▶ _Description of the task_
Give an exact reproduction of the lines from the one with "Classic child's yellow plastic duck with red beak." to the final line of the entries below, both ends included, and omit the pictures.

▶ _Dataset excerpts_
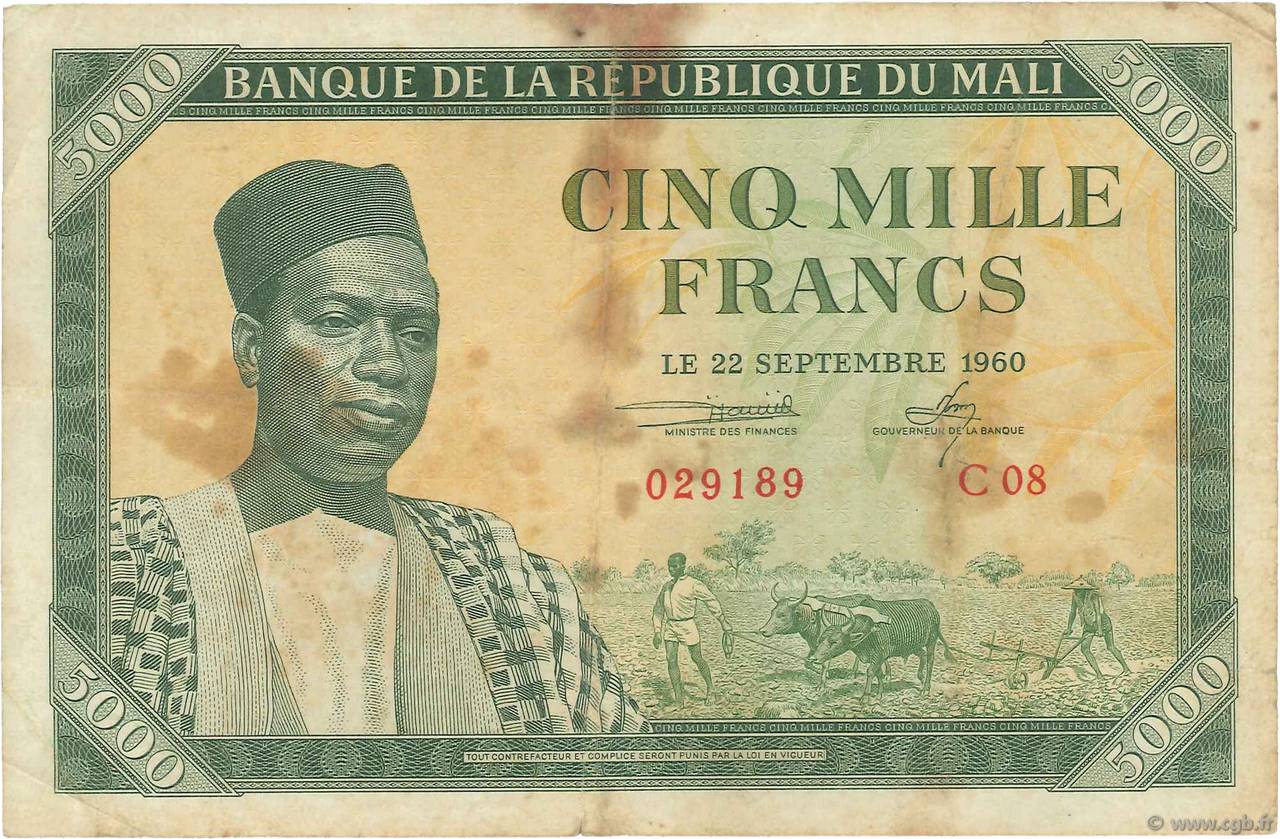 5000 Francs MALI  1960 P.05 S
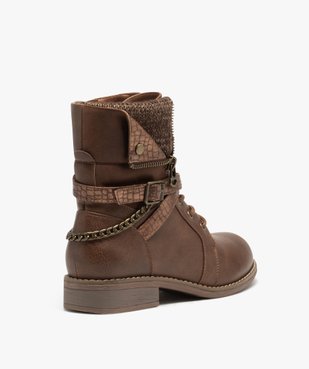 Boots avec tige fantaisie et chaine à la cheville femme vue4 - GEMO (CASUAL) - GEMO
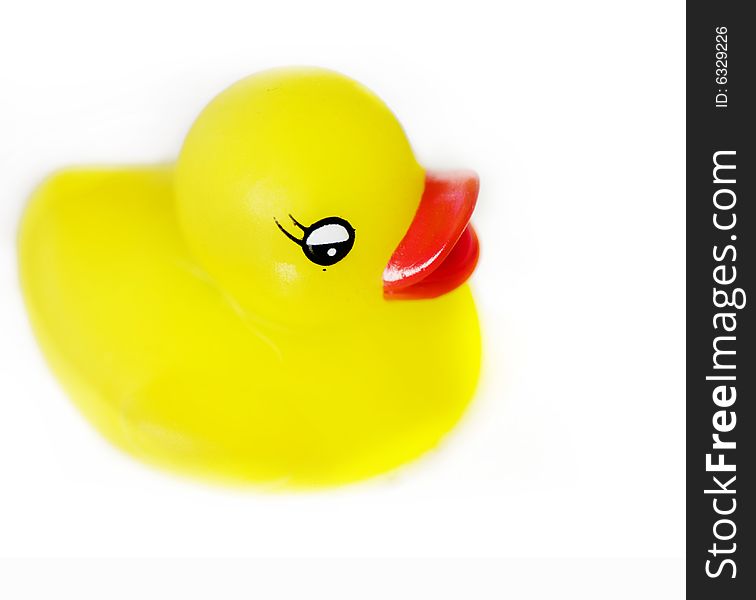 Classic child's yellow plastic duck with red beak. Classic child's yellow plastic duck with red beak
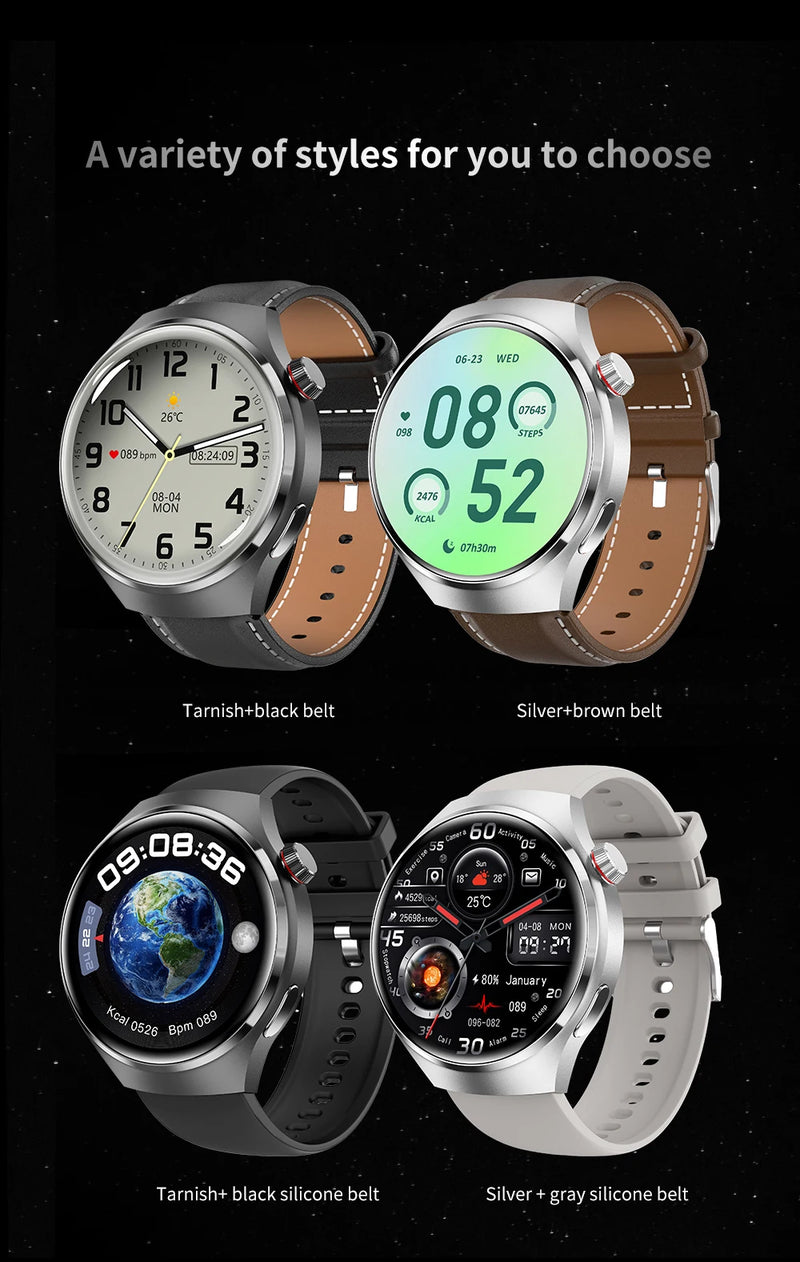 Novo gps relógio inteligente masculino para huawei relógio 4 pro 360*360 tela hd freqüência cardíaca bluetooth chamada ip68 à prova dip68 água açúcar no sangue smartwatch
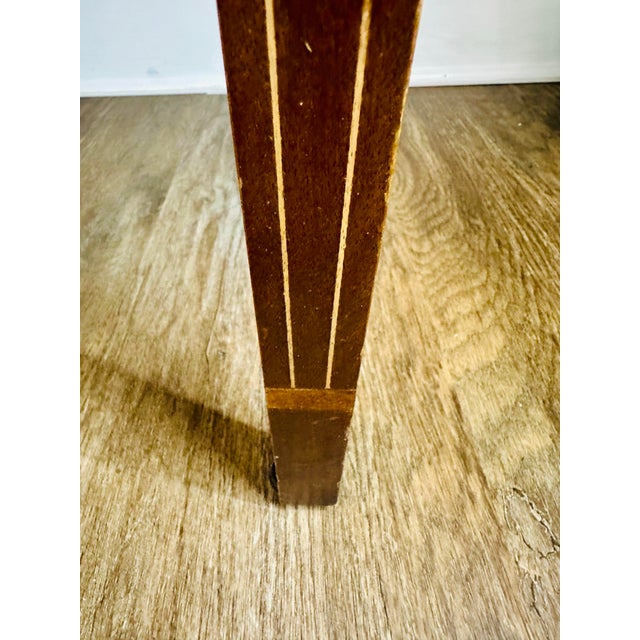 Vintage Federal Style Banded Mahogany Bowfront Sideboard- 50”x39.5”x22” For Sale - Image 11 of 12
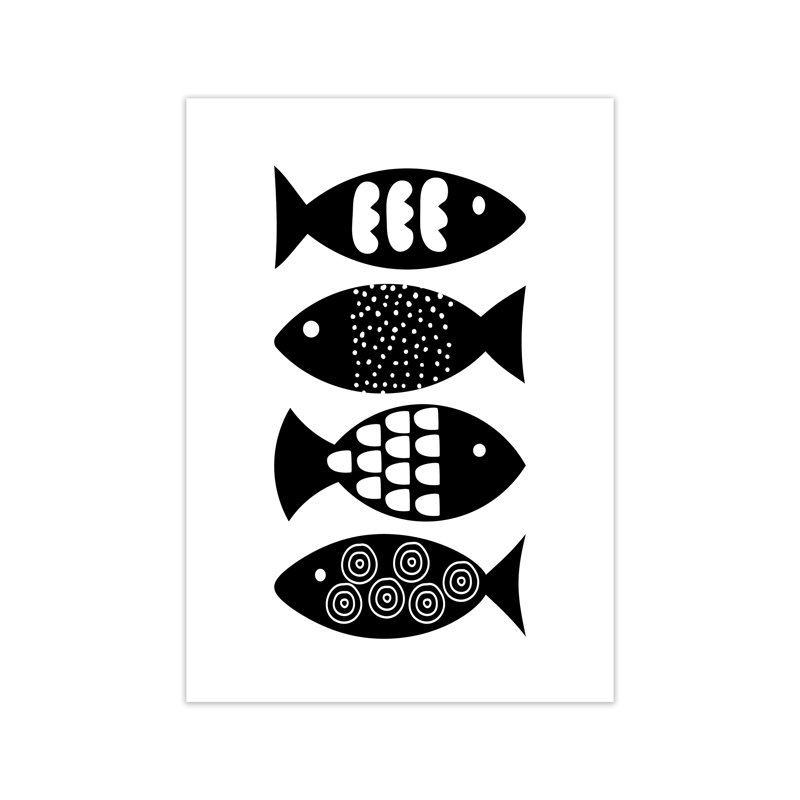 Black And White Scandi Fish - Print, 42cm H x 30cm W x 1cm D, No Frame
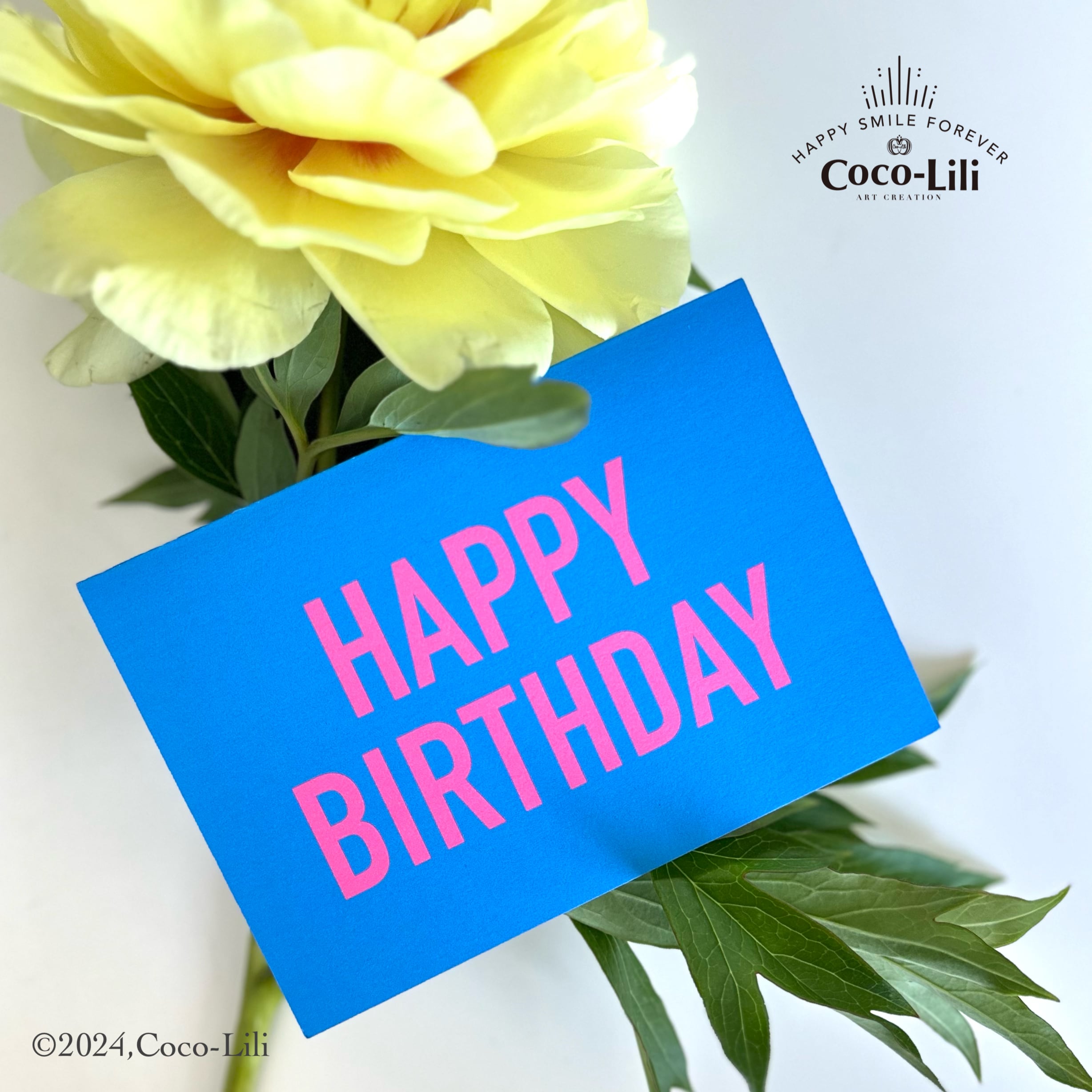 バースデーカード／HAPPY BIRTHDAY／Light Blue×Pink | Coco-Lili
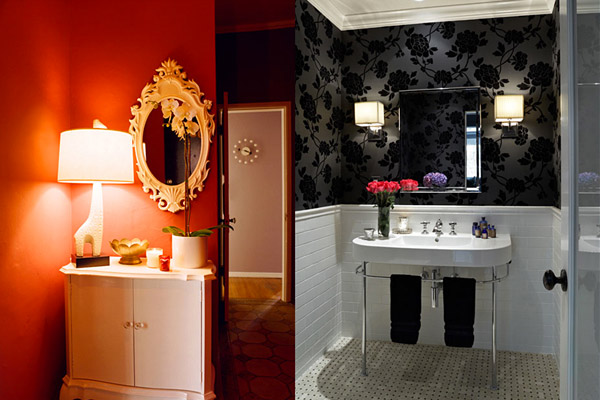 Kishani Perera vignettes, red foyer, black white bathroom, floral wallpaper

▶ _Your response_
 Classic child's yellow plastic duck with red beak. Classic child's yellow plastic duck with red beak
 Novo gps relógio inteligente masculino para huawei relógio 4 pro 360*360 tela hd freqüência cardíaca bluetooth chamada ip68 à prova dip68 água açúcar no sangue smartwatch
 Vintage Federal Style Banded Mahogany Bowfront Sideboard- 50”x39.5”x22” For Sale - Image 11 of 12
 Black And White Scandi Fish - Print, 42cm H x 30cm W x 1cm D, No Frame
 バースデーカード／HAPPY BIRTHDAY／Light Blue×Pink | Coco-Lili
 Kishani Perera vignettes, red foyer, black white bathroom, floral wallpaper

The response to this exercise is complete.